### Problem to work on
The entire listing, reproduced exactly and stripped of images, is the expected output.

### Stored data
--- START ---

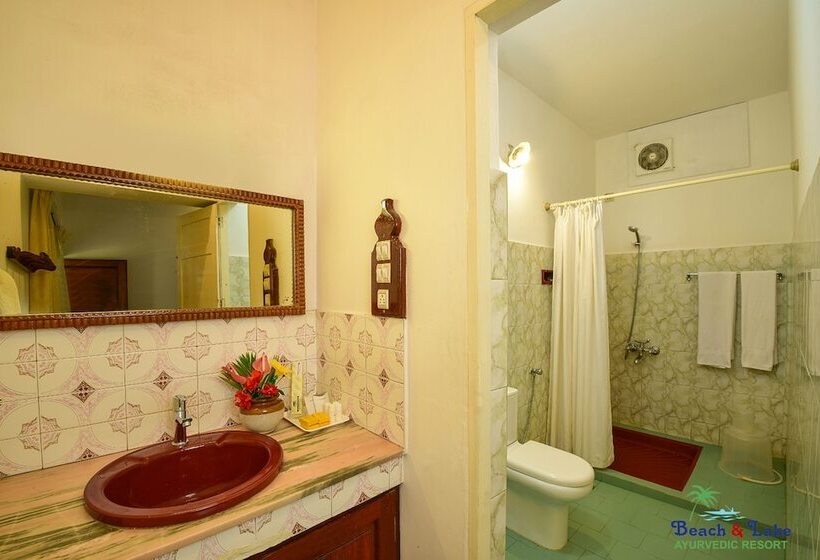 Quarto Deluxe, Beach And Lake Ayurvedic Resort, Kovalam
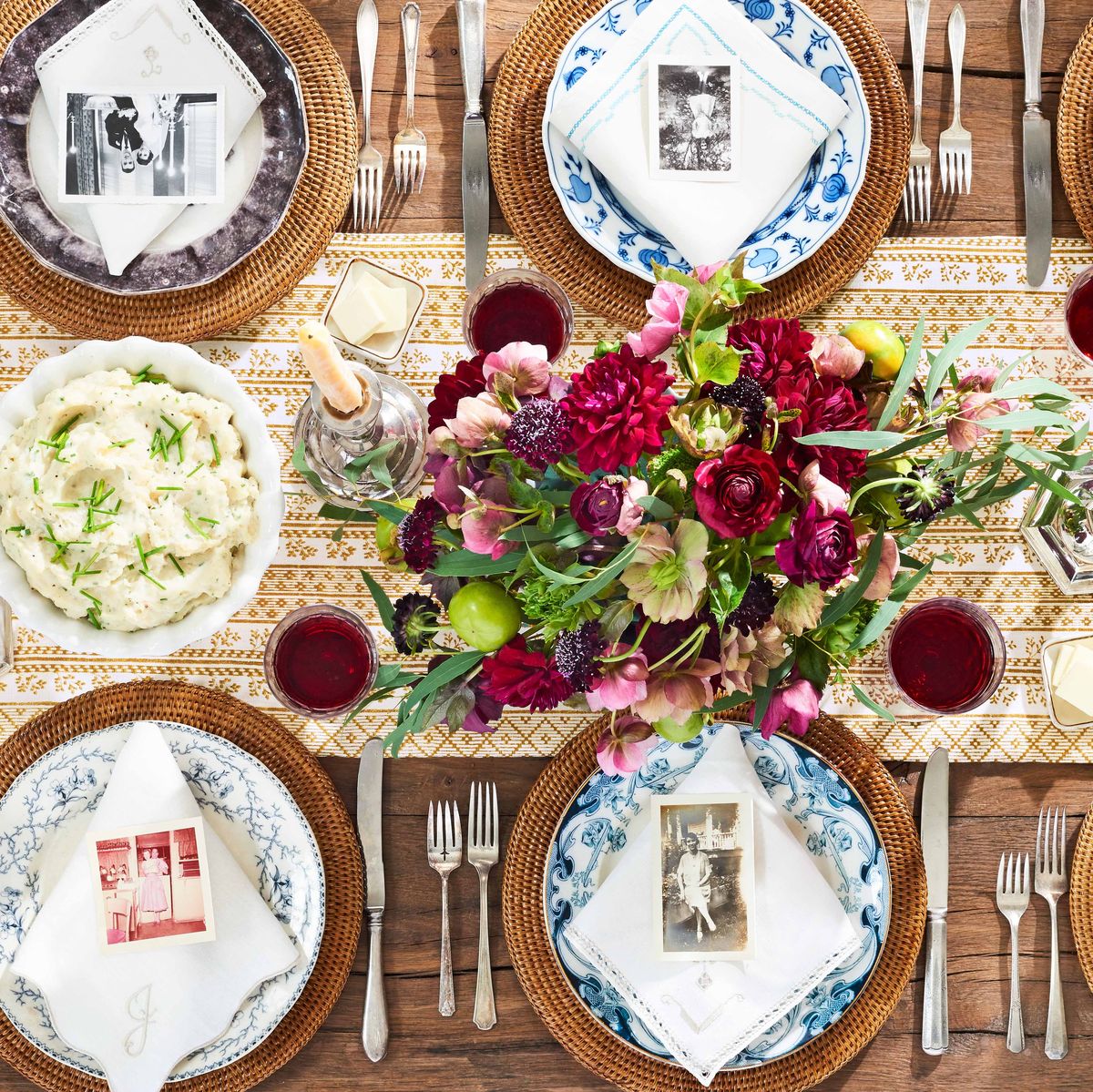 Thanksgiving Table Setting Ideas for a Big Crowd - The New York Times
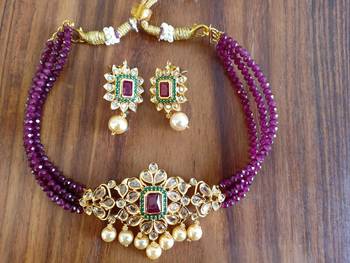 Maroon agate necklaces 1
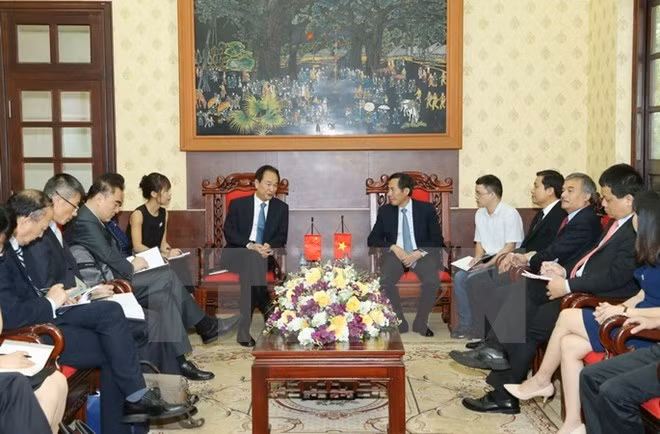 Buscan profundizar lazos entre órganos periodísticos oficiales de Vietnam y China ảnh 1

--- END ---

### Solved exercise
 Quarto Deluxe, Beach And Lake Ayurvedic Resort, Kovalam
 Thanksgiving Table Setting Ideas for a Big Crowd - The New York Times
 Maroon agate necklaces 1
 Buscan profundizar lazos entre órganos periodísticos oficiales de Vietnam y China ảnh 1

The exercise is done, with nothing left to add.